The number of migrant families entering the United States illegally has reached a record high, according to Department of Homeland Security data obtained by the Washington Post.
In September, Border Patrol agents apprehended 16,658 family members, up from about 9,200 in July and 4,200 last September. The previous record of 16,357 was set in June 2014.
Overall apprehension numbers remain low compared to recent decades because far fewer people are crossing the border alone. Border Patrol agents detained 396,579 people in the 2018 fiscal year, which ended on September 30. That is a 30 percent increase from 2017, when border apprehensions were at their lowest level since 1971. In the 1990s, about 1.25 million people per year were apprehended along the US-Mexico border.
The Washington Post reports that the increase in families crossing the border has enraged President Donald Trump:
Large groups of 100 or more Central American parents and children have been crossing the Rio Grande and the deserts of Arizona to turn themselves in, and after citing a fear of return, the families are typically assigned a court date and released from custody.

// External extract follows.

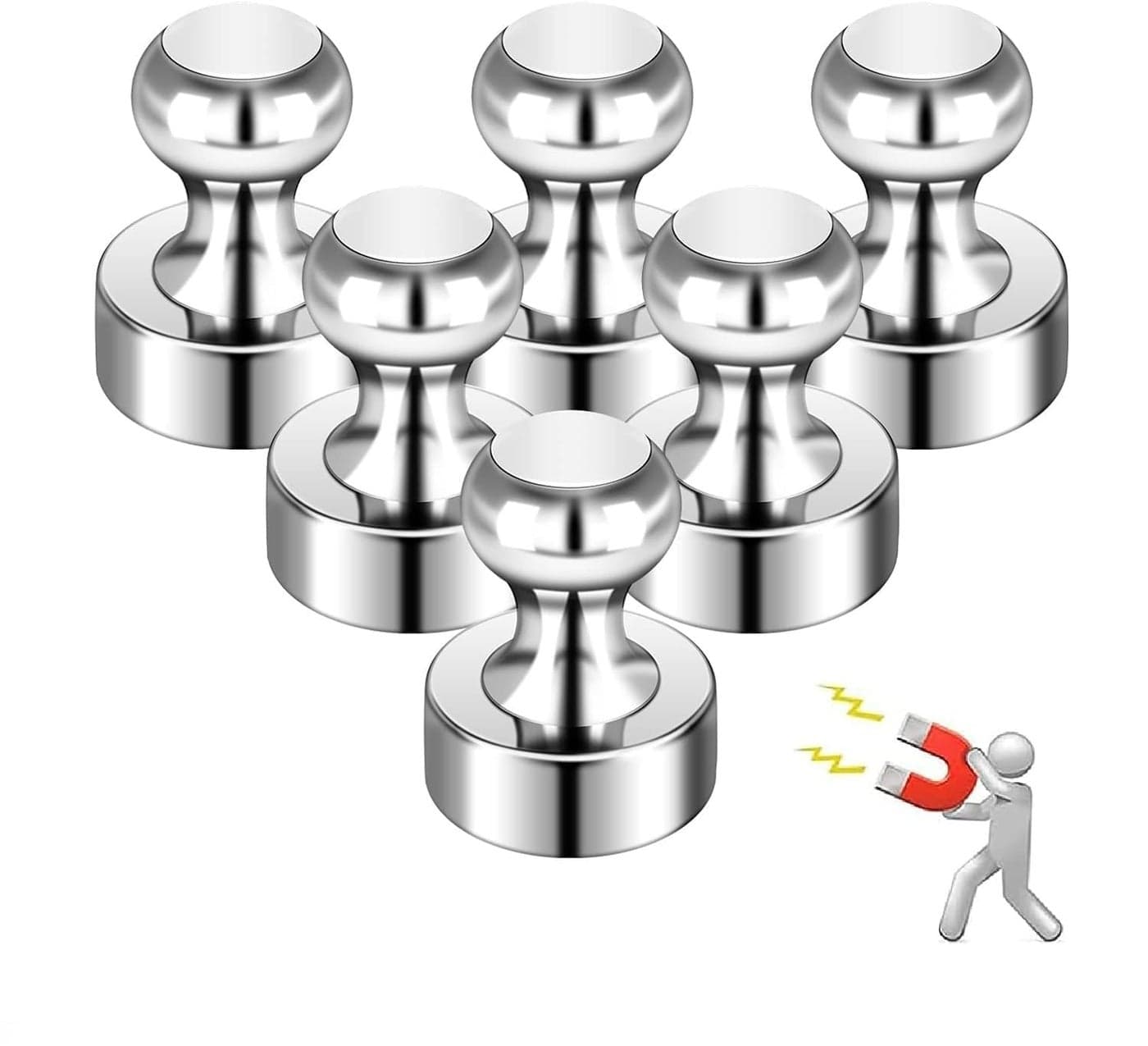 RECLUSE 6 Pcs Refrigerator Magnets, Small Fridge Magnets, Strong Whiteboard, Magnetic Push Pins, Magnetic Thumb Tacks, Strong Metal Magnets for Fridge, Office, Classroom, Map, Kitchen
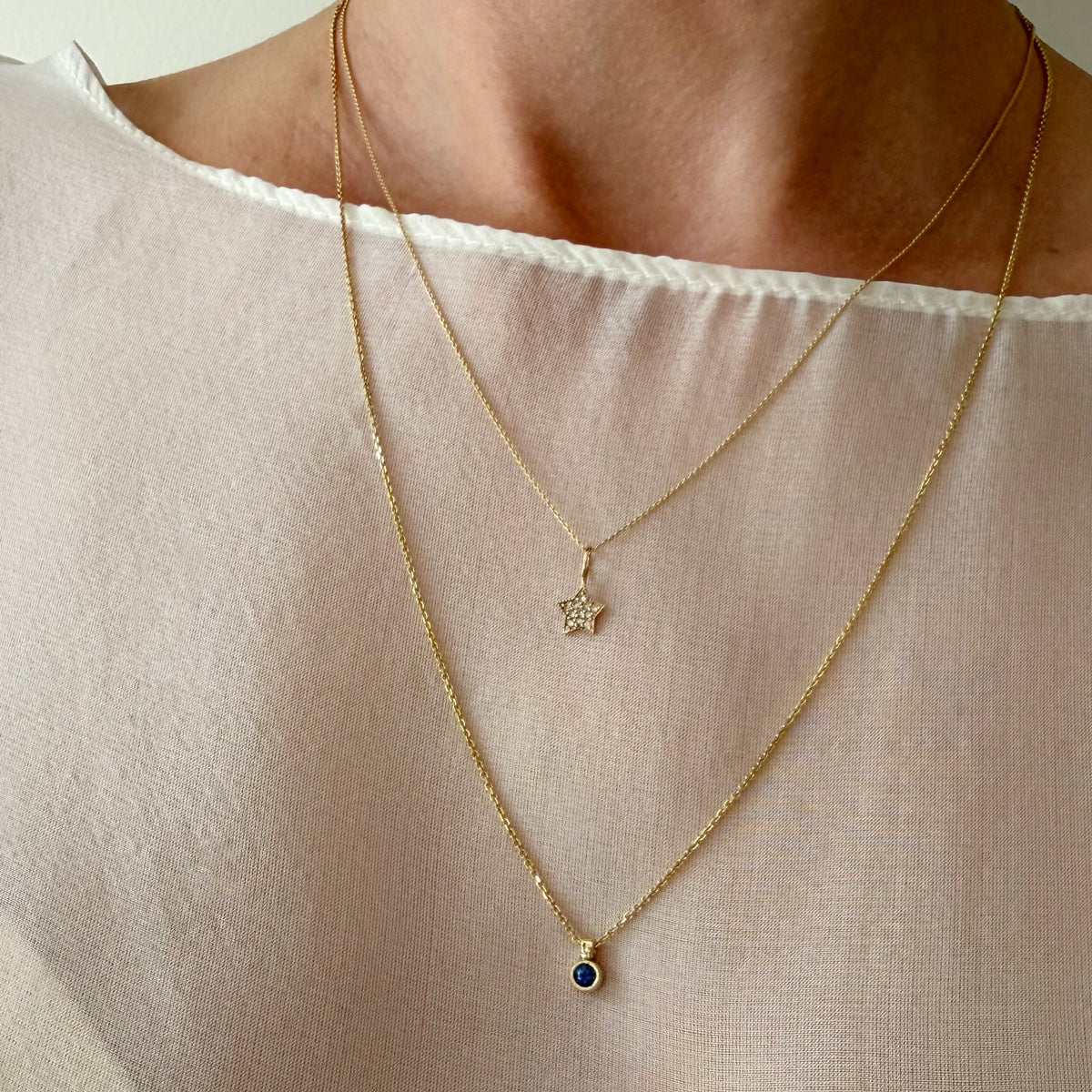 14K Yellow Gold Pave Star Necklace 16-18 inch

“We’re getting hammered daily,” said one Border Patrol agent in South Texas who spoke on the condition of anonymity because he was not authorized to speak to the news media.
Having campaigned on a promise to stop illegal immigration and build a border wall, Trump now faces a spiraling enforcement challenge with no ready solutions. The soaring arrest numbers — and a new caravan of Central American migrants heading north — have left him in a furious state, White House aides say.
In June, Trump abandoned the zero-tolerance policy that separated more than 2,500 families this spring. The Trump administration is now considering a new family separation policy that would force parents to choose between being detained indefinitely with their kids and being separated. Trump has been receiving regular updates on the border numbers, according to the Post, and is now pushing to restart some form of family separation.
In total, 107,212 family member were taken into government custody in the 2018 fiscal year. That was up from the previous record of 77,857 set in 2016.